ACTIVITY:
Return, unchanged, every line starting at the one with "Στη χώρα των αδαμάντων" and running through the last line of the material below, with nothing else added.
---- DATA BELOW
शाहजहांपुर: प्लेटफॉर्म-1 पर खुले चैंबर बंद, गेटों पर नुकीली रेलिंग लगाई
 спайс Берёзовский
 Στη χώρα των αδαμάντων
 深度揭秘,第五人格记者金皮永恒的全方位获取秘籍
--------
SOLUTION:
 Στη χώρα των αδαμάντων
 深度揭秘,第五人格记者金皮永恒的全方位获取秘籍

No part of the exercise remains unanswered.